Wanted Cinema presenta al Trento Film Festival “Per silenzio e vento”, docufilm di Matteo Righetto diretto da Marco Zuin: un viaggio nelle Dolomiti tra alpinismo, crisi climatica e rapporto uomo-ambiente, affiancato da altri tre titoli in arrivo in sala.
Wanted Cinema è lieta di portare nelle sale italiane, a settembre, Per silenzio e vento, il docufilm di Matteo Righetto con la regia di Marco Zuin in anteprima nazionale al 74° Trento Film Festival, dove sarà proiettato come film di apertura del programma cinematografico, sabato 25 aprile, alla presenza di Zuin e Righetto.
Prodotto da Albolina Film e L’Eubage, Per silenzio e vento accompagna lo scrittore Matteo Righetto in un viaggio fisico e interiore tra le Dolomiti, trasformando l’esperienza dell’alpinismo in una riflessione civile e contemporanea sul paesaggio, sul cambiamento climatico e sul senso stesso dell’abitare.
Il racconto si sviluppa attraverso immagini di paesaggio, materiali d’archivio e momenti meta-narrativi: nella solitudine di una baita, Righetto legge e rielabora i propri appunti, rendendo esplicito il processo creativo e invitando lo spettatore a un confronto diretto. Il film alterna così la dimensione contemplativa a quella critica, mostrando anche le contraddizioni dell’ambiente alpino contemporaneo, tra overtourism e fragilità degli ecosistemi.

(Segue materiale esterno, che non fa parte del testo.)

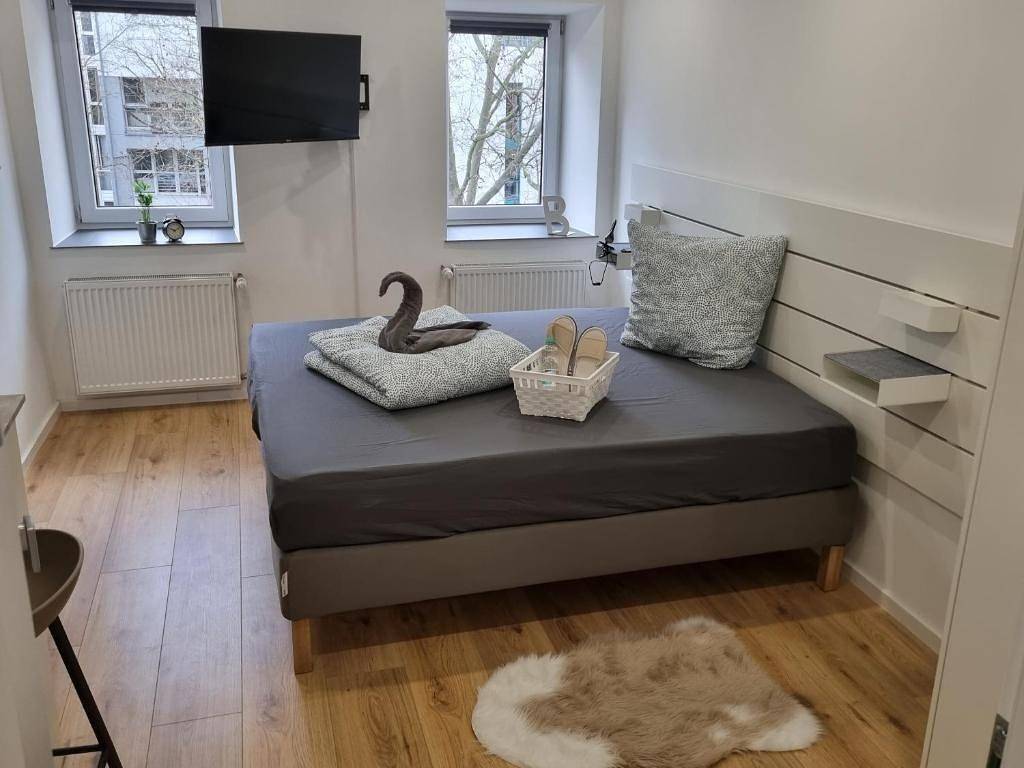 Ganze Ferienwohnung, City Central Apartment House - Apt 2 in Kaiserslautern, Saar-Nahe-Bergland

Attraverso il confronto tra passato e presente — dalle tracce ancestrali impresse nel paesaggio ai cambiamenti visibili nel giro di pochi decenni — Per silenzio e vento restituisce un ritratto complesso delle Dolomiti come sentinelle della crisi climatica e come spazio di possibile rigenerazione. Un invito a passare da osservatori a custodi, ridefinendo il rapporto tra individuo e comunità, tra uomo e ambiente.
Per silenzio e vento è prodotto da Albolina Film e L’Eubage, con il patrocinio del CAI e Dolomiti UNESCO e sarà nelle sale con Wanted da settembre, dopo una serie di anteprime estive.

Altri tre titoli presenti al Festival distributi da Wanted
Wanted è lieta di distribuire nelle sale italiane altri tre titoli che saranno presentati al 74. Trento Film
Festival: Le chant des forêts – Il canto della foresta, The North e Everest Dark.
Le chant des forêts – Il canto della foresta è diretto da Vincent Munier, autore dell’acclamato The Velvet Queen. Nel cuore delle selvagge montagne dei Vosgi, in Francia, Munier e suo figlio si uniscono al padre, naturalista, per osservare linci, cervi, gufi e forse anche il raro gallo cedrone nel loro habitat naturale. Catturando la meraviglia e il ritmo maestoso di questo ambiente, insieme ai suoni naturali e alle storie raccontate a lume di candela, l’autore disvela al ragazzo – e allo spettatore – la possibilità di esplorare il mondo in una maniera diversa. Campione d’incassi in Francia, il film arriverà al cinema in autunno.
The North, diretto da Bart Schrijver – ospite del festival per presentare il film – racconta la storia di due amici di lunga data alle prese con un viaggio che metterà alla prova il fisico e il loro legame. Decidono di percorrere 600 chilometri attraverso le Highlands scozzesi, seguendo la West Highland Way e il Cape Wrath Trail, immersi in paesaggi mozzafiato e lontani dal mondo esterno.
Everest Dark, diretto da Jereme Watt, è un film visivamente mozzafiato dal Monte Everest, ma da un’angolazione trascurata – quella locale. Un alpinista nepalese intraprende una pericolosa missione per placare gli dèi della montagna che pretendono rispetto per la natura.